Chapter 18 Wren

Wren

The cabin is quiet again.

Too quiet.

The trucks are gone.

Adam. Russ. Boone. Blade. Miles.

All of them in town dealing with the aftermath of whatever just happened at the church.

Which leaves me alone with the system.

And the more I look at it—

The more wrong it feels.

The recruitment database still glows on the laptop screen.

Names.

Profiles.

Skill assessments.

Leadership probability.

It reads less like a volunteer list and more like a military command selection board.

I scroll through the backend code again.

Someone built this system carefully.

Layer by layer.

Hidden inside what looks like a civilian emergency-response network.

Brilliant.

Terrifying.

And incredibly familiar.

I pause.

Because that feeling again.

The one that keeps nagging at the back of my mind.
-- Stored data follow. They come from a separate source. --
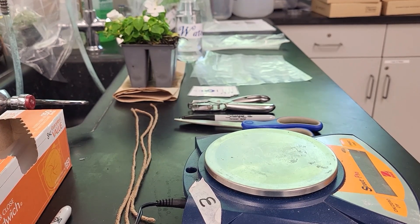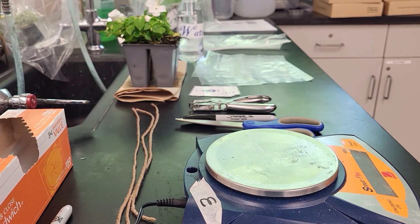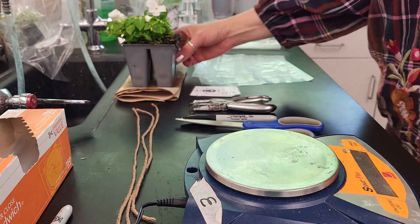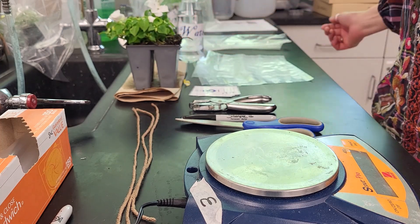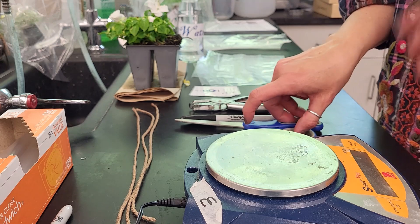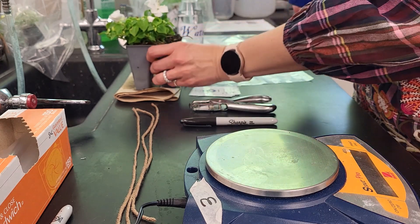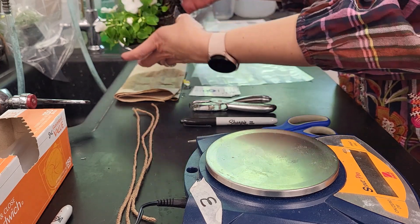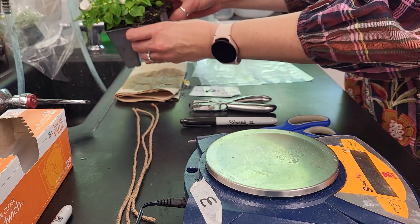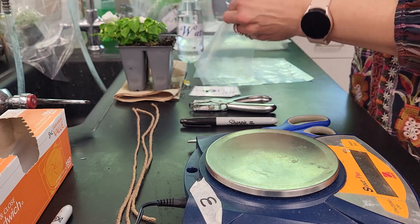In this lab we're going to do the whole plant transpiration lab, where we're looking at the effect of different conditions on the transpiration rate. We've got our plants here — we're going to be using impatiens, but you can use any plant available at your local nursery. We want to take the plants out of the container, take the root ball out. These plants have recently been watered, so there's a good water source in there.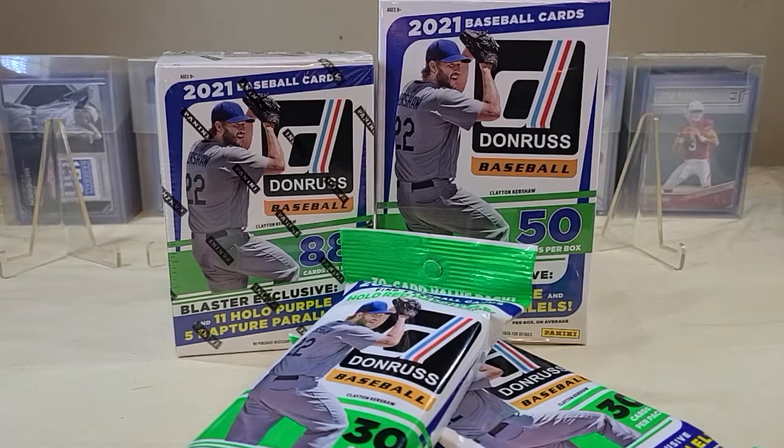Hello everyone and welcome to Trading Card Nation. Today we're going to be ripping into a blaster box, hanger box, and a couple of fat packs of 2021 Donruss baseball. It's going to be a long first look introduction — I apologize for that — but there's a lot of stuff to cover on this year's Donruss.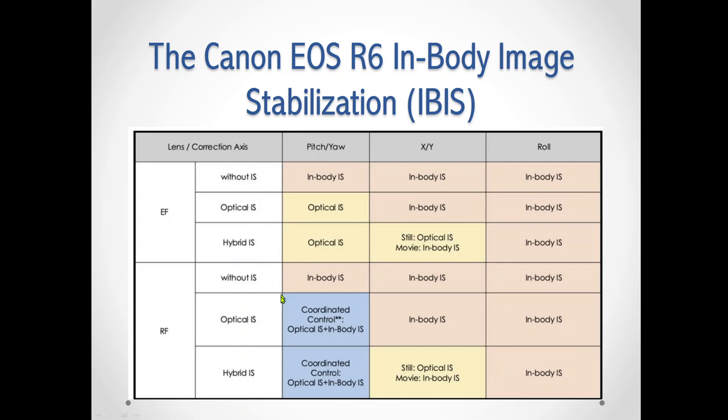The interesting part about the RF system is that under optical image stabilization and hybrid image stabilization lenses, there's a blue section which means coordinated control. So basically, it's using both optical image stabilization in the lens and the IBIS in the body together. I would guess that those are the cases when you might be able to get eight stops of image stabilization. Even though the same website mentions that IBIS alone can give you eight stops, it doesn't tell you what lens — and that's what prompted me to do this unscientific test for all of my lenses.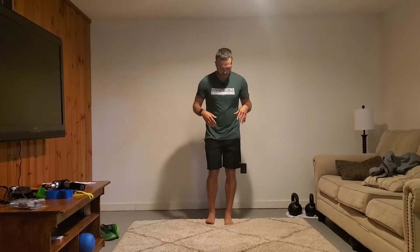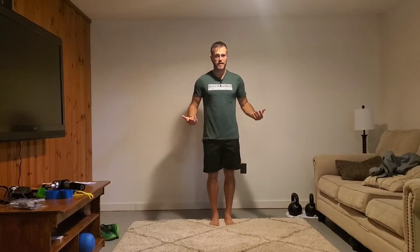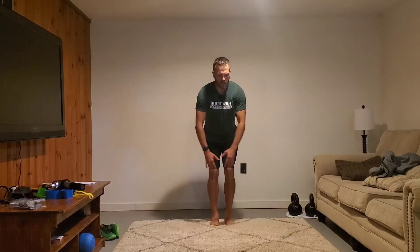The star jump is a combination of a vertical jump and kind of like a jumping jack. It's an old school exercise that we're bringing back. You're going to start in a very narrow position, feet inside the hips or at the hips, and your arms are going to cross. When you jump up, your legs will go out, your arms will go out, and you'll come back down.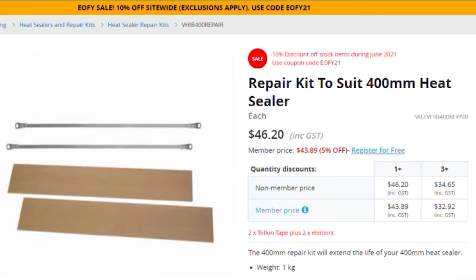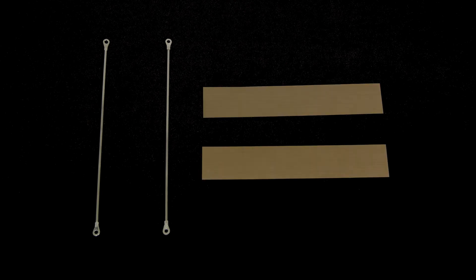QIS also sells the repair kits individually. They feature two extra heating elements and two replacement strips of Teflon tape, meaning you can easily extend the life of your heat sealer without having to purchase a whole new unit.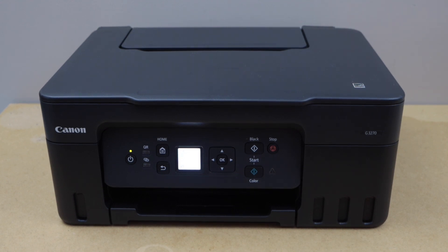In this video, I'm going to show you how to connect your Canon printer to the Wi-Fi network without using the Wi-Fi password, in case you have forgotten the password, or if you just want to easily connect your printer to the Wi-Fi network.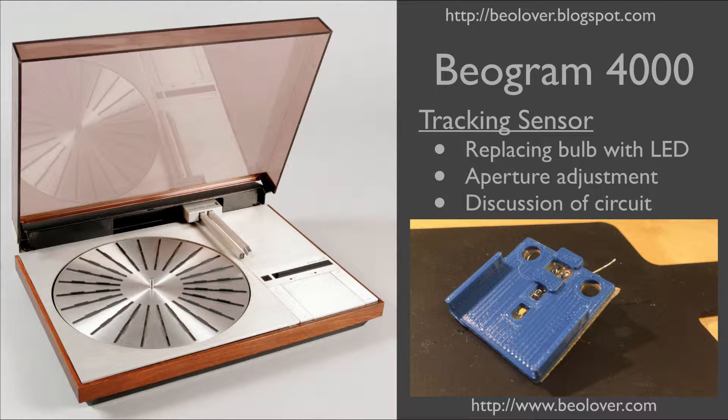This video discusses the tracking sensor system of a Biogram 4000 turntable. I will discuss how to replace the light bulb with an LED, how to adjust the aperture after this procedure, and I will also discuss the circuit.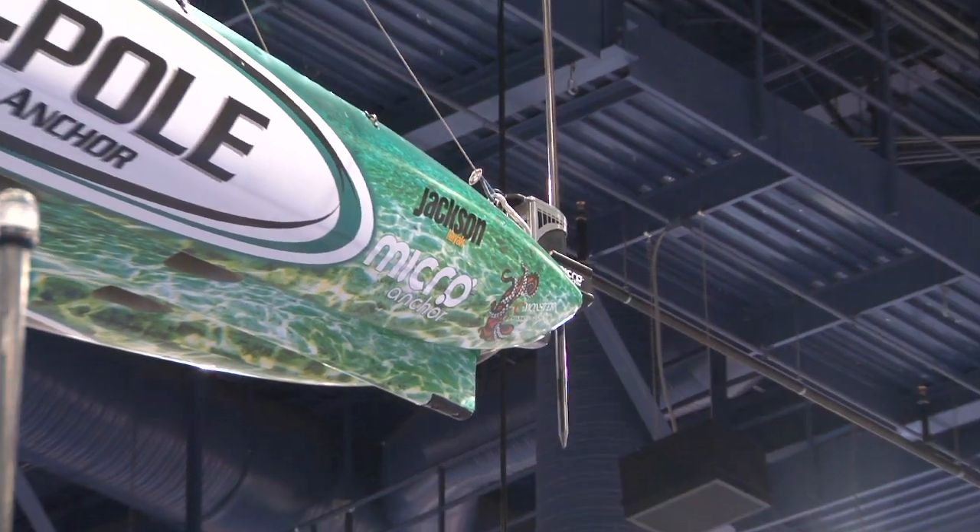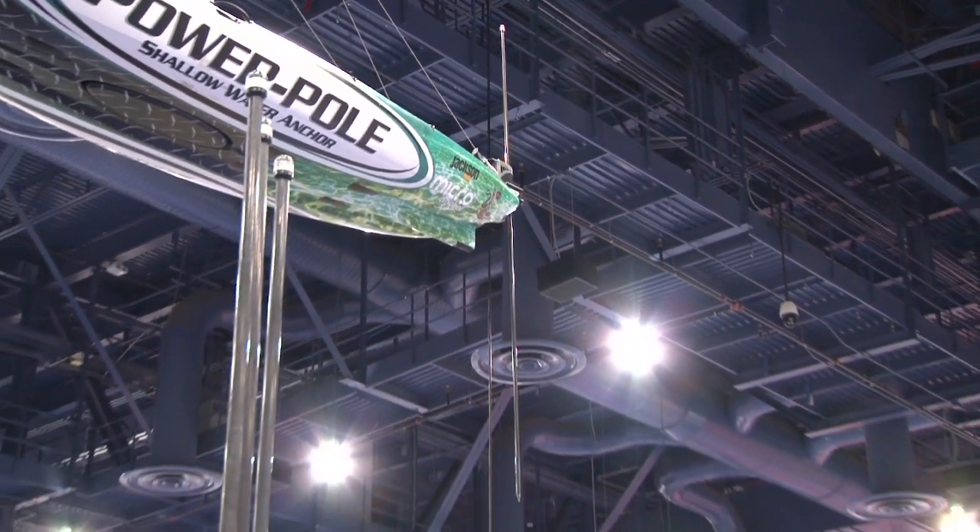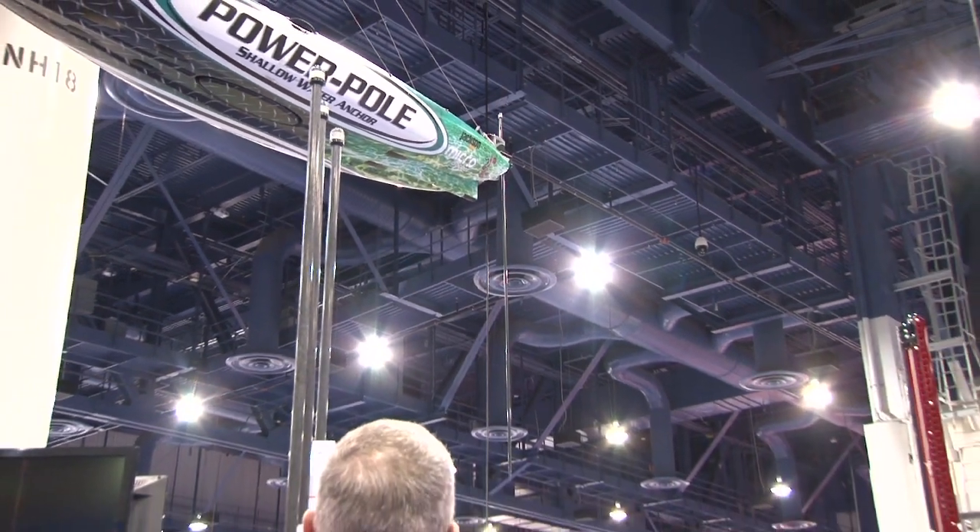You can hook up with a fish, hit the remote control or hit the foot switch, and automatically anchor your boat. Now you can continue fighting the fish, do what you need to do, go to the live well, retie — you haven't moved. Even in strong wind or current, it doesn't matter. It's just a fantastic addition to any small boat, kayak or skiff.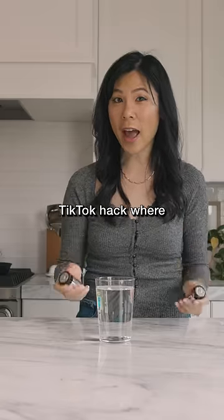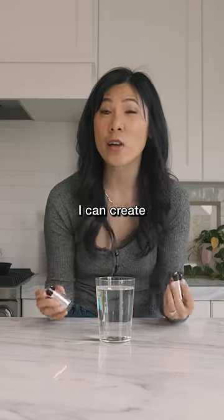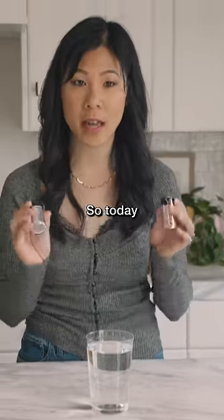I saw this TikTok hack where if I put two batteries against a glass of water, I can create a tornado vortex. So today, we're gonna try it.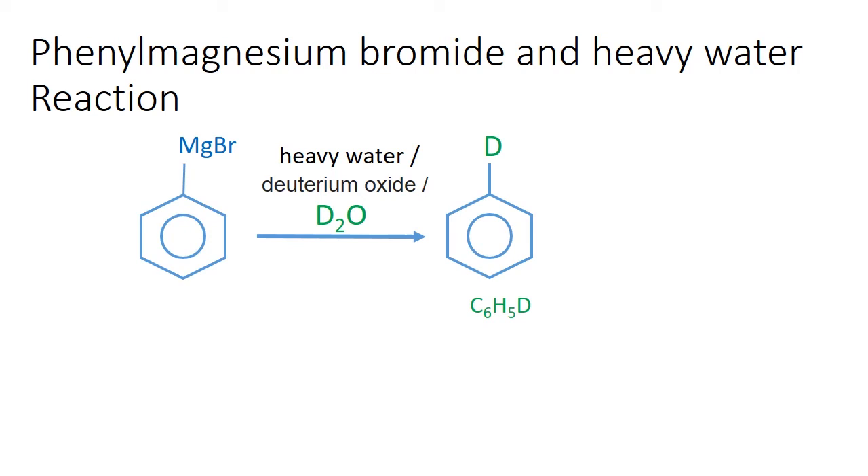What will happen if phenyl magnesium bromide is added to heavy water? If heavy water is added to phenyl magnesium bromide, benzene will be the product. But instead of a hydrogen atom, an isotope of hydrogen — deuterium — is attached.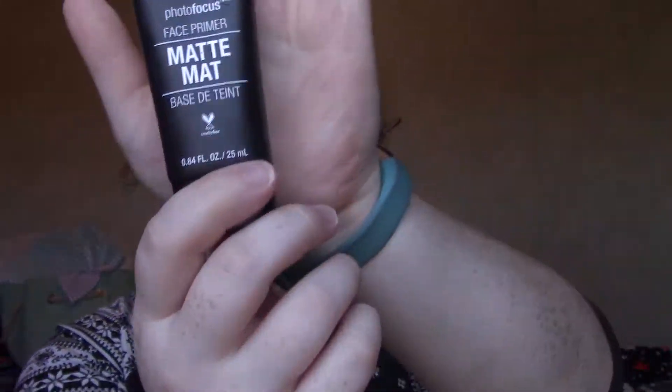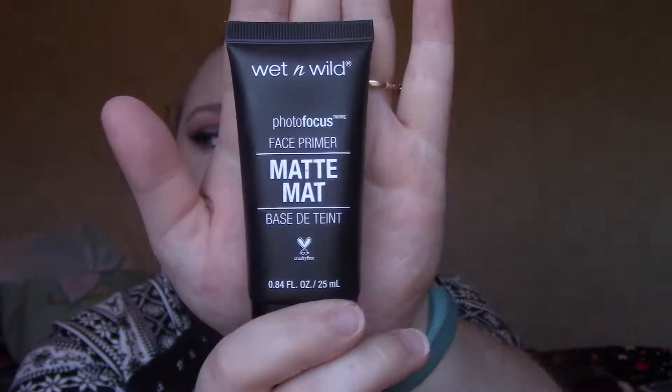The next thing is the Wet and Wild photo focus matte face primer. It comes out very lotion-y. I'm not sure how I feel about it because it did make my nose look drier. I'm not sure if it's the foundation or the primer causing that issue, so I'm going to try it with another primer and also try this primer with other foundations to figure out which one it was. I've heard mixed reviews on the foundation.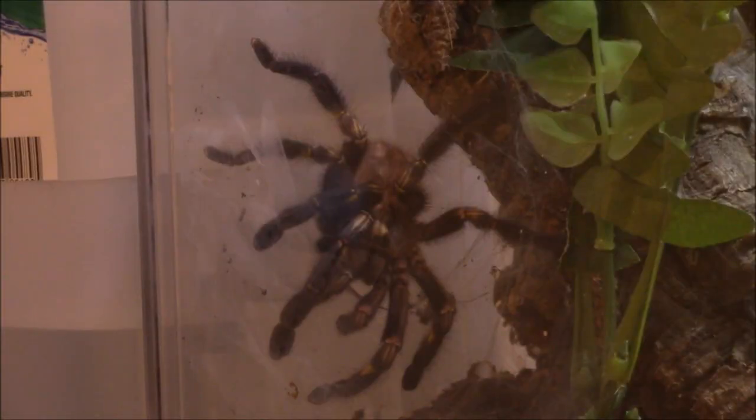All right, so here's the Post-Lytheria Metallica male. He's destroying his sperm web. I disturbed him a little bit by turning on the big light.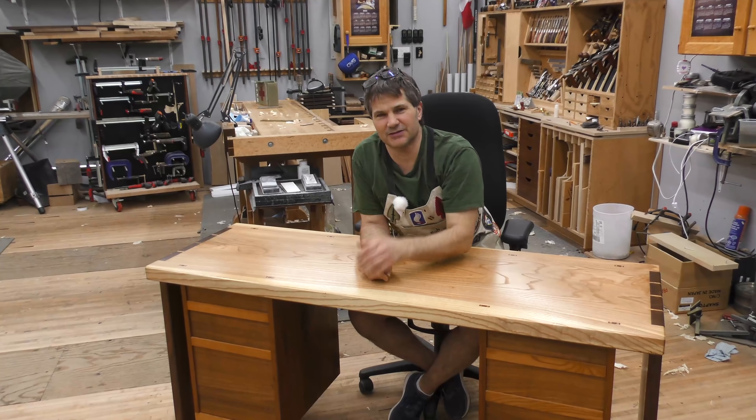Hi, I'm Rob Cosman. Welcome to my shop. This is another piece of Rob Cosman furniture — it's my big ash desk. Built this back in the 1980s. Lots of interesting details about it. I'm going to share them with you. Stay with us.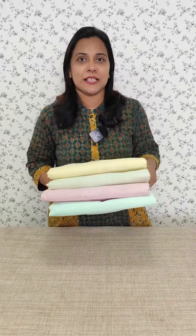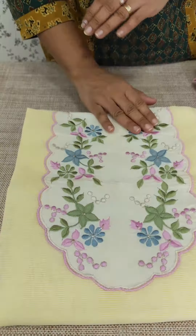This is a collection of embroidery in this fabric. This is a collection of embroidery in this video. This is available in beautiful light.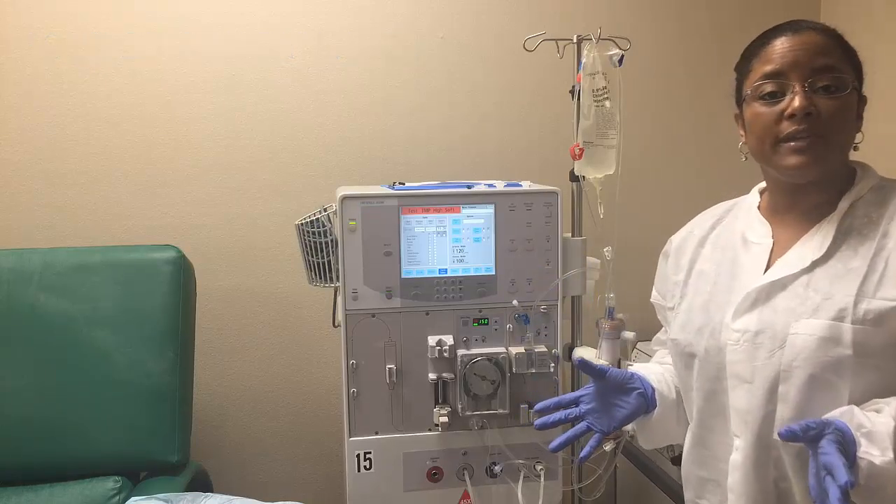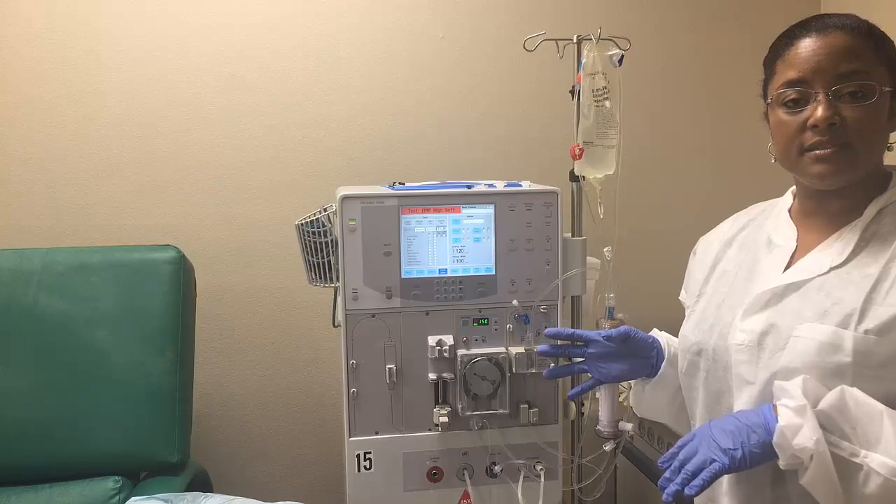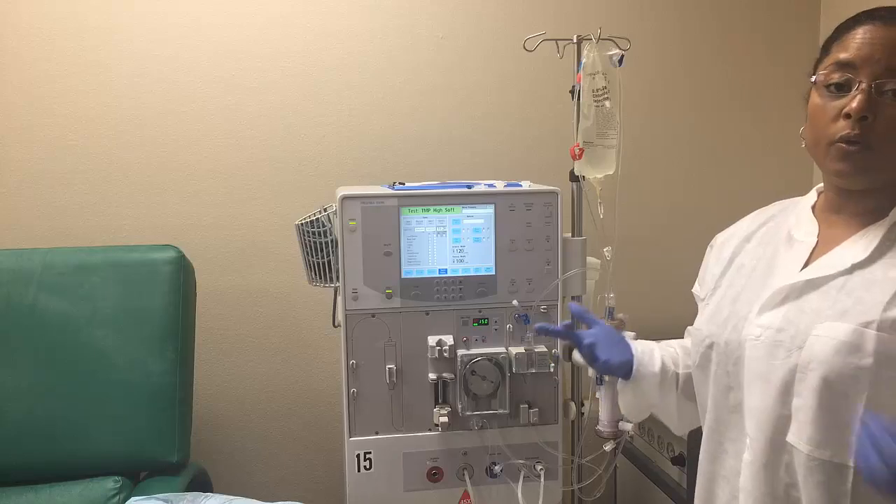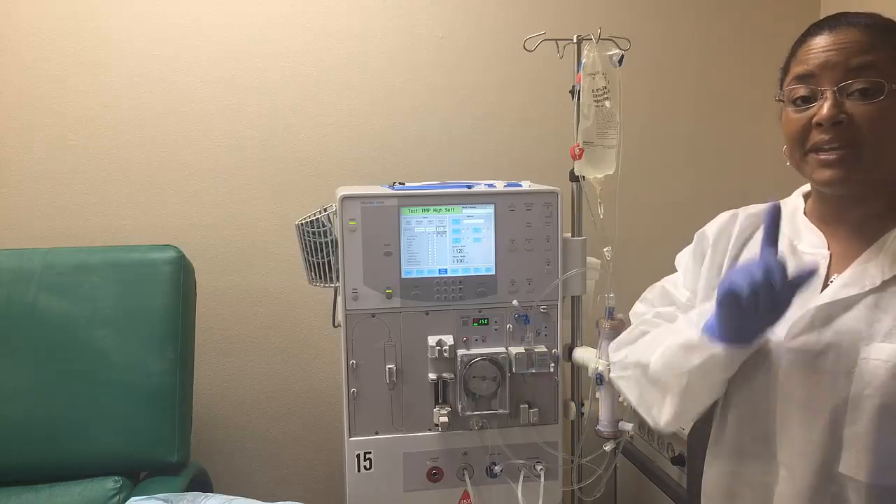So let's go ahead and wait until our alarm test is done. In the meantime, I can go ahead and start preparing other things, or cleaning, like cleaning my draining bucket.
I’ve seen something like this before.

I open a new window and start searching older intelligence archives.

Sentinel operations.

Infrastructure mapping.

Leadership modeling.

The files load slowly.

Most of Sentinel’s work was wiped from official databases after his network collapsed.

But not everything disappears.

Some fragments always survive.

The first document appears.

An old analysis report.

Title: Distributed Civilian Response Framework

My pulse quickens.

“That sounds familiar.”

I open it.

The document outlines a theory.

Disaster-response networks embedded inside civilian systems.

Volunteer groups.

Church organizations.

Medical supply chains.

Search-and-rescue units.

Each one functioning independently.

But connected through a hidden command structure.

Exactly like the system on my screen.

My stomach tightens.

“No way.”

I scroll further down.

A footnote catches my eye.

Program architect: Sentinel Initiative — Phase One

The air leaves my lungs.

“This wasn’t his idea…”

I open the network code again.

Comparing structures.

Encryption patterns.

The architecture is identical.

Meaning the truth is suddenly very clear.

Sentinel didn’t just inspire this network.

He started it.

My heart pounds harder as I dig deeper.

More files appear.

Old satellite infrastructure proposals.

Civilian communication relays.

Volunteer response grids.

Every single concept matches the system currently spreading across the western United States.

But the documents stop abruptly.

The final entry reads:

Phase One complete.

Then nothing.

No Phase Two.

No Phase Three.

Just silence.

I lean back slowly in the chair.

Which means someone else finished it.

The Architect.

My eyes move back to the recruitment database.

Boone’s name.

Adam’s name.

Leadership candidates.

Command selection.

My stomach twists.

Because now the pattern is becoming clear.

Sentinel built the framework.

The Architect is building the leadership.

I grab the radio.

“Adam, come in.”

Static crackles.

Then his voice answers.

“Go ahead.”

“I found something.”

“What kind of something?”

“The network.”

A pause.

“Yeah?”

“It didn’t start recently.”

“How old is it?”

I swallow.

“Years.”

“How many?”

I look back at the Sentinel file.

Then answer quietly.

“Over a decade.”

Silence fills the radio.

Then Boone’s voice cuts in.

“You’re saying someone’s been building this thing for ten years?”

“Yes.”

Adam’s voice lowers slightly.

“Who started it?”

I hesitate.

Then say the name.

“Sentinel.”

The radio goes completely silent.

For several seconds no one speaks.

Then Boone’s voice finally comes through.

Low.

Controlled.

“Explain.”

I stare at the files again.

At the architecture hidden inside the code.

“At some point Sentinel designed a distributed civilian response network.”

“For disasters?”

“Originally.”

“And now?”

“Now someone else is finishing it.”

Adam exhales slowly over the radio.

“The Architect.”

“Yes.”

Russ mutters something under his breath.

“Great.”

Boone’s voice returns.

“What’s the endgame?”

I look at the leadership probability field again.

The command candidate tag.

The map full of nodes stretching across half the country.

And suddenly the answer feels obvious.

“They’re preparing for systemic collapse.”

“What kind of collapse?” Adam asks.

I shake my head slowly.

“I don’t know.”

“But whatever it is…”

My eyes move to Boone’s file again.

“…they believe it’s coming soon.”

The wind rattles the cabin windows again.

Cold.

Restless.

And somewhere out there—

The Architect is still watching the board.

Still selecting players.

Still deciding who leads the army when the world finally breaks.

And tonight—

Boone and Adam just moved to the top of the list.